Für die Normalansicht bedeutet dies, dass hier kaum noch etwas möglich ist: angezeigt werden offene Fenster, aber verwalten kann man sie allenfalls noch über das Kontextmenü der Titelleiste, sonst ist der Umweg über die Aktivitätenansicht obligatorisch. Um etwa ein anderes Fenster auszuwählen, muss der zweite Modus aktiviert werden, eine direkte Umschaltung funktioniert nur noch über die Tastenkombination Alt+Tab. Dieses Kürzel ersetzt zwar zu einem gewissen Grad eine Taskleiste, dies funktioniert aber nur bei sehr wenigen geöffneten Fenstern. Bei vielen Einzelfenstern wechselt die Funktion automatisch zu einem Aufklappmenü, das nur beidhändig zu bedienen ist – und alles andere als die Übersicht wahrt. Außerdem arbeitet Alt+Tab nicht mehr wie früher fensterbezogen, sondern wirkt programmspezifisch. Der Wechsel z.B. zwischen Browserfenster und Nautilus gelingt problemlos, doch versucht man, zwischen zwei Dateimanagerfenstern oder 2 Browserfenstern zu wechseln, passiert – gar nichts. Das zuletzt aktive Fenster bleibt einfach im Vordergrund.
Wenigkönner
Abgesehen von dem neuartigen Konzept der dualen Arbeitsfläche und schicken Effekten bietet die Gnome-Shell erstaunlich wenig. Es lassen sich Fenster und Programme verwalten. Das war’s dann auch schon. Kann man Dateien als Favoriten hinterlegen? Nein. Mit einem Einfachklick eine zweite Instanz eines Programmes öffnen? Nein. Elemente in der Aktivitätenansicht neu positionieren oder eine eigene Reihenfolge vorgeben? Nein. Mit der Maus in der Standardansicht auf eine andere Arbeitsfläche wechseln? Nein.

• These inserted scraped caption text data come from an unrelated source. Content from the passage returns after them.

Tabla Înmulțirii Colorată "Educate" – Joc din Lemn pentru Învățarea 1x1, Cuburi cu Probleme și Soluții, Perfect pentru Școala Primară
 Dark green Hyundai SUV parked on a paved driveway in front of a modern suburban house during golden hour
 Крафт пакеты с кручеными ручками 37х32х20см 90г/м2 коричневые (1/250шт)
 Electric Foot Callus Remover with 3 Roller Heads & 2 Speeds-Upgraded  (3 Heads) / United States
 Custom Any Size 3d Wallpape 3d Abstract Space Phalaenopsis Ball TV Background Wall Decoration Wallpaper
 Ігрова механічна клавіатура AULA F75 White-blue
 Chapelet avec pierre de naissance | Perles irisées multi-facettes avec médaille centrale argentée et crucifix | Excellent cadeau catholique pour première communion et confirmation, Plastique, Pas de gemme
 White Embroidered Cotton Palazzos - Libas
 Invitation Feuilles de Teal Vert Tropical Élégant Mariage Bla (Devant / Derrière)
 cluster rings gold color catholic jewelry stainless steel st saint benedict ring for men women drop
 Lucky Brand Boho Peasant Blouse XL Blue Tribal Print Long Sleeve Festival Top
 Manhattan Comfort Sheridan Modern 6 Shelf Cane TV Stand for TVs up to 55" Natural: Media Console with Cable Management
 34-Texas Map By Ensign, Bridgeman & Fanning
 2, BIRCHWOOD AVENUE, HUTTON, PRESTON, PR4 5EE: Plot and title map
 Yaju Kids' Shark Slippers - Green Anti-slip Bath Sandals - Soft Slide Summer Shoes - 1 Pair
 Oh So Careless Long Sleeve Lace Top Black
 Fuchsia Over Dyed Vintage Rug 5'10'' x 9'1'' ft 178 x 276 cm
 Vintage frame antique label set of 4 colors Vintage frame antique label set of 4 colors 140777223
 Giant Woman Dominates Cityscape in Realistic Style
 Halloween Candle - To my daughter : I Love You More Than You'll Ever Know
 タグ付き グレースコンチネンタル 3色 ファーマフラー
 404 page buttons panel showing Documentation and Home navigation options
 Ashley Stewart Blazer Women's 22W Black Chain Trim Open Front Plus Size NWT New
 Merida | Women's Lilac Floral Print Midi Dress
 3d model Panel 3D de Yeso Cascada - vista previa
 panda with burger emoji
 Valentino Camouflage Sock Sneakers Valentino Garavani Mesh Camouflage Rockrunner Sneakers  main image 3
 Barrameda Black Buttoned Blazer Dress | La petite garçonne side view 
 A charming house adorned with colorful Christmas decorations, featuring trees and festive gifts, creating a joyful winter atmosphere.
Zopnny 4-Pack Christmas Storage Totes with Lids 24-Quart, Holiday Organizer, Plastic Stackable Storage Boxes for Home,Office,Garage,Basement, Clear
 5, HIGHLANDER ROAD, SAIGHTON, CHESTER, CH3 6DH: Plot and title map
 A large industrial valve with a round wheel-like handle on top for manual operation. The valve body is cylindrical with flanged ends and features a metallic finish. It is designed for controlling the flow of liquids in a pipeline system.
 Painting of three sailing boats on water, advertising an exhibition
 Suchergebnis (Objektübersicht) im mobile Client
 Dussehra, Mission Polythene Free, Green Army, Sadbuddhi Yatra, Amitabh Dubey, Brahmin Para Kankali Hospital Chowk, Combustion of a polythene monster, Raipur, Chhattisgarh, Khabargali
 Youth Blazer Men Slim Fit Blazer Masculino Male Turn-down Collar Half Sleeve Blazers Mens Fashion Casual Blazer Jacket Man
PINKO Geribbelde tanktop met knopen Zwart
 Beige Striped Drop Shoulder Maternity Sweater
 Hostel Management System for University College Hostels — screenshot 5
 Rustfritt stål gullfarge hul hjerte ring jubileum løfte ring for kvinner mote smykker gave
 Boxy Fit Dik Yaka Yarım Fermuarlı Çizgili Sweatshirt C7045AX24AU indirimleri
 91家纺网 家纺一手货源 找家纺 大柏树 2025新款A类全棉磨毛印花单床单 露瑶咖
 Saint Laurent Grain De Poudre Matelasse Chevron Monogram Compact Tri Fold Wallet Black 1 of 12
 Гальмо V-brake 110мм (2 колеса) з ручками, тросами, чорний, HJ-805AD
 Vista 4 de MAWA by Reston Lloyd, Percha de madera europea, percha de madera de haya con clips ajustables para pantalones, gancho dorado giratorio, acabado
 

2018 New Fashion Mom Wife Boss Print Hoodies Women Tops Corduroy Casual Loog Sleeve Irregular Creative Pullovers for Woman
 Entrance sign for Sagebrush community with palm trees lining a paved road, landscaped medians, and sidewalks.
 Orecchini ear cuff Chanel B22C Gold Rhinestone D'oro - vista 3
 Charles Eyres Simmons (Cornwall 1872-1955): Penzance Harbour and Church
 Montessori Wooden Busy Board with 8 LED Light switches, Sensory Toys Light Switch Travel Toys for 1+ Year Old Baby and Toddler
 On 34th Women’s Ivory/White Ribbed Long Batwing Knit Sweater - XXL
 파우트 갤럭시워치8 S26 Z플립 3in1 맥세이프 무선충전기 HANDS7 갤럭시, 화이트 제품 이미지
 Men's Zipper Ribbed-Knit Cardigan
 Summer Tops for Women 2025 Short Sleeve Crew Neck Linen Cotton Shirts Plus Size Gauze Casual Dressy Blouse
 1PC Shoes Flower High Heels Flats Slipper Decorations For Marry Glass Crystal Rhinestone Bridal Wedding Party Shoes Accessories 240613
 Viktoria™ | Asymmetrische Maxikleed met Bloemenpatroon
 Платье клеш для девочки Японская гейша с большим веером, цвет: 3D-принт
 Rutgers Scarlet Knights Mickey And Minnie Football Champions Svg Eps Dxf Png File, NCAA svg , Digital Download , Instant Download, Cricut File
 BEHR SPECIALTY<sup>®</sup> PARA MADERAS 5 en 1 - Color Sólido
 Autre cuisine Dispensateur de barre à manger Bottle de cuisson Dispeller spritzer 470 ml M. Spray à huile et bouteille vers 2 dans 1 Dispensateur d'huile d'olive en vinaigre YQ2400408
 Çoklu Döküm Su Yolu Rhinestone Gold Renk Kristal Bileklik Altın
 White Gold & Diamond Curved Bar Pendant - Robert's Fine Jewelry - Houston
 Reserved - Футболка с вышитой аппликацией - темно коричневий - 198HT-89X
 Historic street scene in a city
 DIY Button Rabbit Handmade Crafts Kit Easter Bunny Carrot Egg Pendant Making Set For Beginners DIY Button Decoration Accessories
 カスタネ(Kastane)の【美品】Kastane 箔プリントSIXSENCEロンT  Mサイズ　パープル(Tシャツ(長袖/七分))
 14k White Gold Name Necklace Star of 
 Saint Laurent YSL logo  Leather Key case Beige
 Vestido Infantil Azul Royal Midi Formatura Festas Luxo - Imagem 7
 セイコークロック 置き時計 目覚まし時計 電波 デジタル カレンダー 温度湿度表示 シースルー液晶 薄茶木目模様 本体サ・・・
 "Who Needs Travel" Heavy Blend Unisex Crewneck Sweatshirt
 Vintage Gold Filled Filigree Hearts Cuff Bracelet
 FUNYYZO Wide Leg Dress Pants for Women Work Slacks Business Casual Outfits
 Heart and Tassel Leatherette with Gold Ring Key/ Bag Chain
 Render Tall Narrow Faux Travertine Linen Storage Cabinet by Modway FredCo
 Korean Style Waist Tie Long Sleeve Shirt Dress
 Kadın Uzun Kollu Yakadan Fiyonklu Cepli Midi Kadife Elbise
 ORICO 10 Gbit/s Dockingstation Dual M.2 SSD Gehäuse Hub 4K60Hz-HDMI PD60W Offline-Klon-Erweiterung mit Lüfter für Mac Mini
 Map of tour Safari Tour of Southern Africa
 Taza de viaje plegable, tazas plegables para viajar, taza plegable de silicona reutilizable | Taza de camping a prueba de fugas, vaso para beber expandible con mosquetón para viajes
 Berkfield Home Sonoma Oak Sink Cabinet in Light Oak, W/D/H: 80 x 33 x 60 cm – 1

Arbeitsflächenwechsel nur noch per Tastenkürzel, dafür schön klobig visualisiert
Programme mit bestimmten Arbeitsflächen verknüpfen? Nein. Eine bestimmte Anzahl von Arbeitsflächen vorgeben? Nein. Das Panel dauerhaft sichtbar machen? Nein. Das Panel mit eigenen Startern bestücken? Nein. Die obere schwarze Leiste entfernen oder ausblenden? Nein. Die Leiste mit Funktionen erweitern oder Symbole darauf ablegen? Nein. Ordner-Lesezeichen im Panel? Nein.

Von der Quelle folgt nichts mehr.